Only one generation before my parents, my grandparents on both sides were children of homesteaders. All their lives they produced and preserved and prepared their own food. I can remember each of my elderly grandmothers gifting us so modestly with cans of applesauce, pickles, relish they saw from planting to preserving on their own property, as if this were a meager gift. I think they had come to view those gifts that I saw as precious and see as even more precious now as signs of poverty and not of dignity and self-reliance. Within one generation, that lifestyle and those skills were lost, and I am left attempting to relearn them from sources outside my heritage.
Nothing happens without someone willing it, someone imagining and implementing it – save weather. The push towards the “Green Revolution,” the industrialization of agriculture, outweighed any political will in the American people to maintain a food culture rooted in heritage, community, or our own soil. How on earth we let that go, I cannot imagine. I can only suspect it was fueled both by an exploitative advertizing industry that promised liberation through the freeing up of time and energy used on food and the simple sway of providing a people riddled with money anxiety a way of meeting a basic need in a cheaper way so long as it was swaddled with the added benefit of having all signs of the unethical practices involved in production suppressed– a formula consumerism employs rampantly.
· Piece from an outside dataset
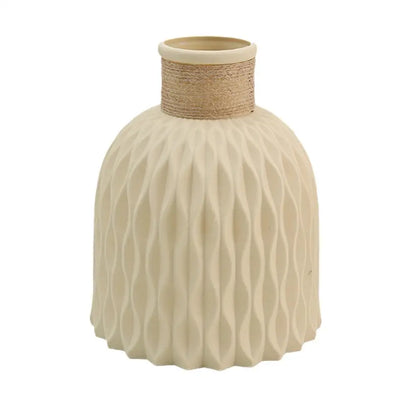 Vase à fleurs en plastique avec UL, pot de fleurs bricolage, porcelaine de salon, articles de fleurs, ornements de décoration pour la maison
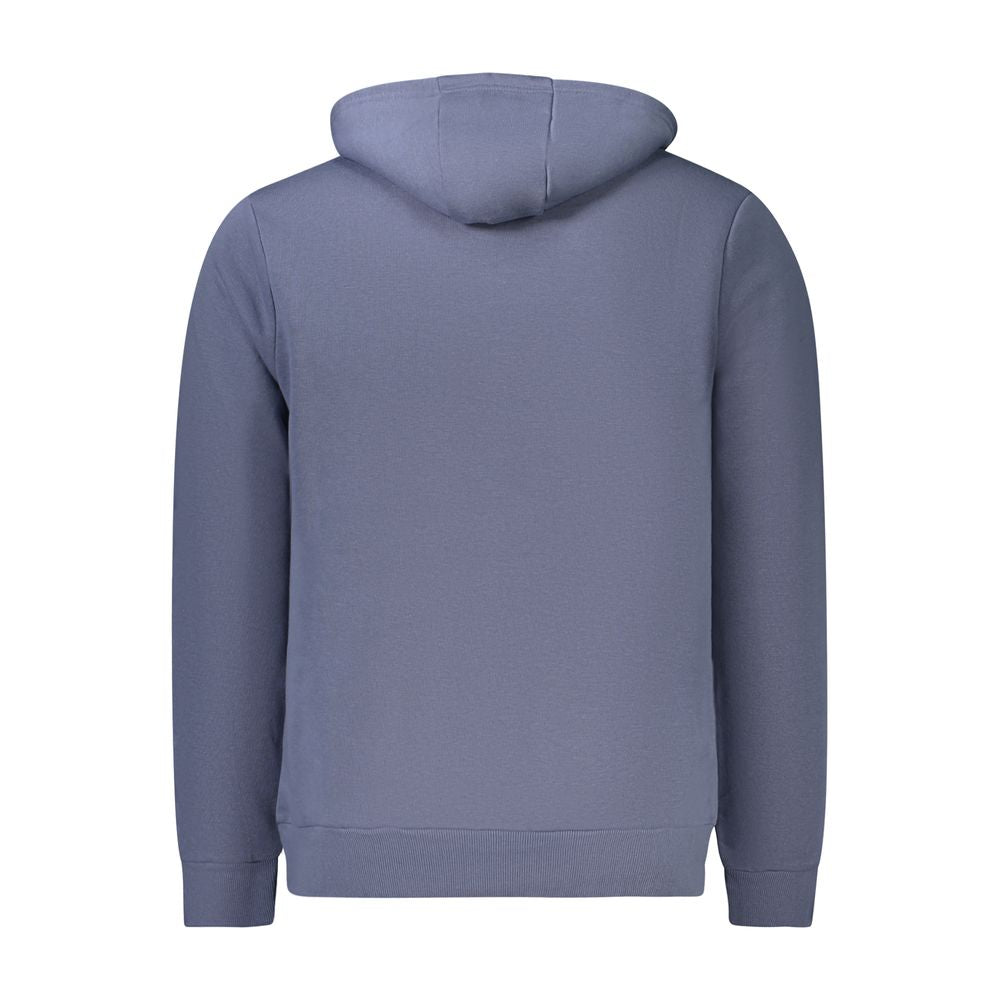 Norway 1963 Blauer Kapuzenpullover aus Baumwolle für Herren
I believe we remain morally accountable for our willed ignorance. And what’s more, that it does not genuinely serve us. It requires self-chosen suffering now to de-compartmentalize food production and become aware of the massive complexity and immorality of our food system. Each step along the line of food production and consumption is riddled with suffering we are safeguarded from empathizing with. A inevitable result of a system with its bottom line and only ethical code being the making money is that it sees the misery of humans and animals, both present and future, as irrelevant. There was a time during my journey towards increasing my consciousness when I felt almost intolerably hopeless, literally walking into a grocery store with the carefully erased lines of production drawn back into my mind and thinking, “There is nothing to eat,” and feeling miserable about every one of my purchases. Soon I was able to realize the missing piece, which was, “There is nothing here to eat,” and to go elsewhere for my food, tapping in to local economy and alternatives I was lucky to find in my city.
As a society, we are dependent upon a fragile global trade economy for our food. I don’t believe a people can have sovereignty without first having food sovereignty. America as a dependent behaves in much the way the aristocracy has throughout history, demeaning and coercing those who provide for us by suppressing their access to their human rights and provision for their basic needs outside of taking on the appropriate supporting role.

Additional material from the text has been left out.